--- Given material ---
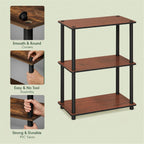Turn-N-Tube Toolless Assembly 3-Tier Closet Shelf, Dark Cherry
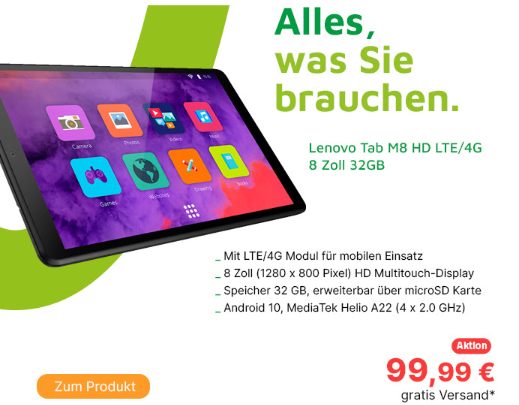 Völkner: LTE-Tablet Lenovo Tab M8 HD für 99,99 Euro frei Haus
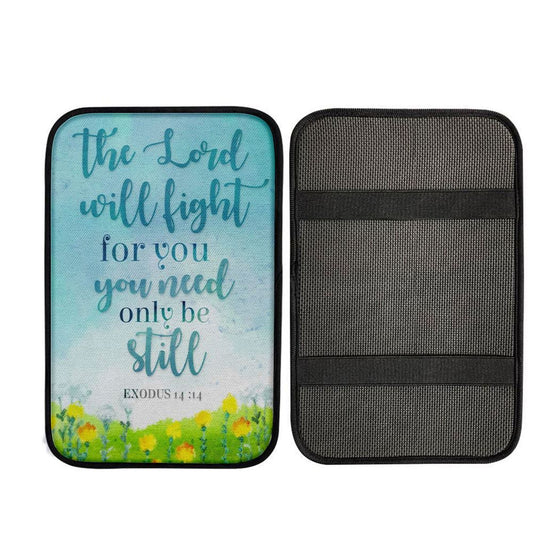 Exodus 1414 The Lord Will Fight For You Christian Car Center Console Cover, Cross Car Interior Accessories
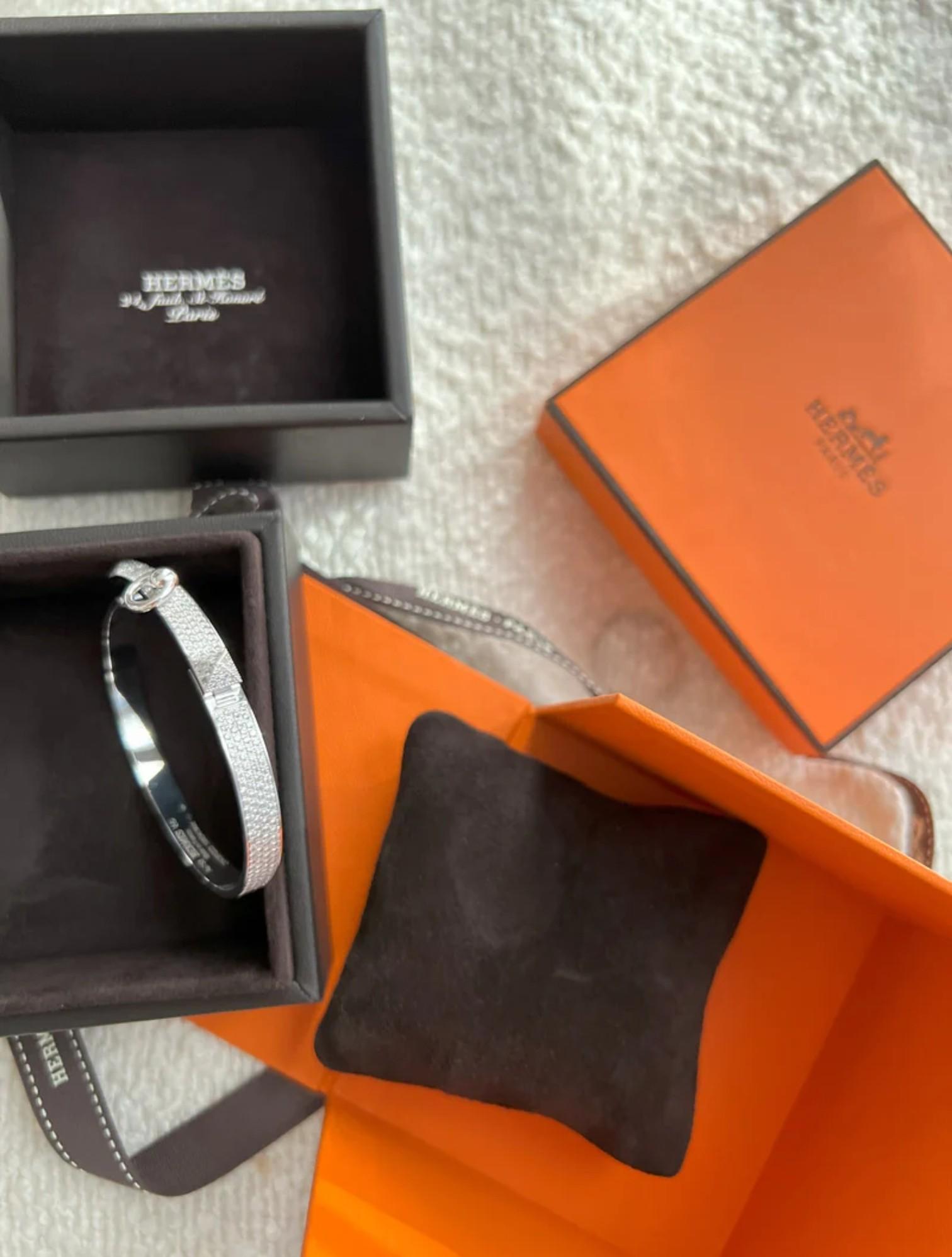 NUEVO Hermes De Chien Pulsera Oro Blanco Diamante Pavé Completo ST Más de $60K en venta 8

--- Task item ---
Once the images are removed, print the remaining data exactly as it appears above.

--- Response below ---
Turn-N-Tube Toolless Assembly 3-Tier Closet Shelf, Dark Cherry
 Völkner: LTE-Tablet Lenovo Tab M8 HD für 99,99 Euro frei Haus
 Exodus 1414 The Lord Will Fight For You Christian Car Center Console Cover, Cross Car Interior Accessories
 NUEVO Hermes De Chien Pulsera Oro Blanco Diamante Pavé Completo ST Más de $60K en venta 8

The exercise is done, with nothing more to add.